- _Task instructions_:
What you return must be the full listing, word for word, with no images in it.

- _Given information_:

»»

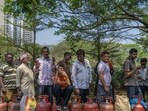 iMumbai, India - March 13, 2026: Residents queue up with empty cylinders for LPG cooking gas refills at Charkop in Kandivali, Mumbai, amid supply concerns triggered by the ongoing Iran–US conflict in Mumbai, India, on Friday, March 13, 2025. (Photo by Satish Bate/ Hindustan Times) (Hindustan Times)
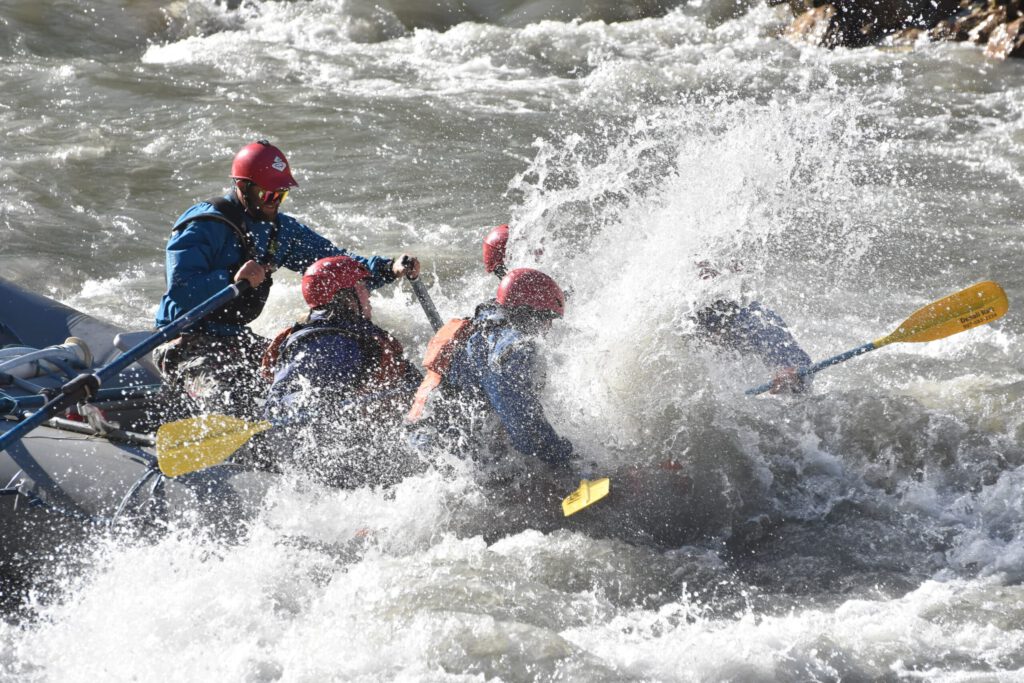 Rafters get splashed as they paddle through the whitewater of the Nenana River.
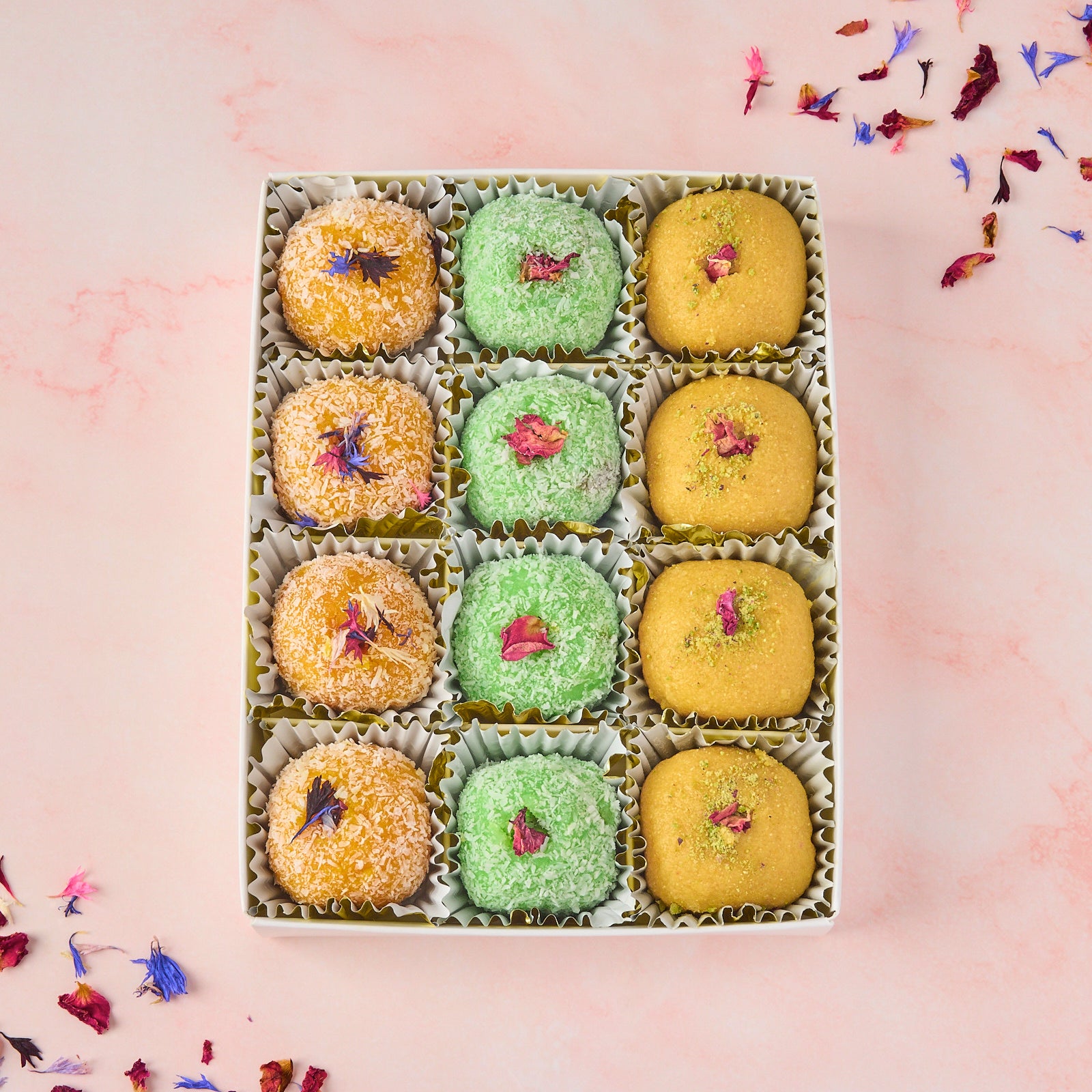 Assorted laddoo gift box with 12 Indian laddoos arranged in a transparent lid box - mixed besan, mango coconut and rose gulkand coconut laddoos for gifting in Australia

««

- _Reply to the exercise_:
 iMumbai, India - March 13, 2026: Residents queue up with empty cylinders for LPG cooking gas refills at Charkop in Kandivali, Mumbai, amid supply concerns triggered by the ongoing Iran–US conflict in Mumbai, India, on Friday, March 13, 2025. (Photo by Satish Bate/ Hindustan Times) (Hindustan Times)
 Rafters get splashed as they paddle through the whitewater of the Nenana River.
 Assorted laddoo gift box with 12 Indian laddoos arranged in a transparent lid box - mixed besan, mango coconut and rose gulkand coconut laddoos for gifting in Australia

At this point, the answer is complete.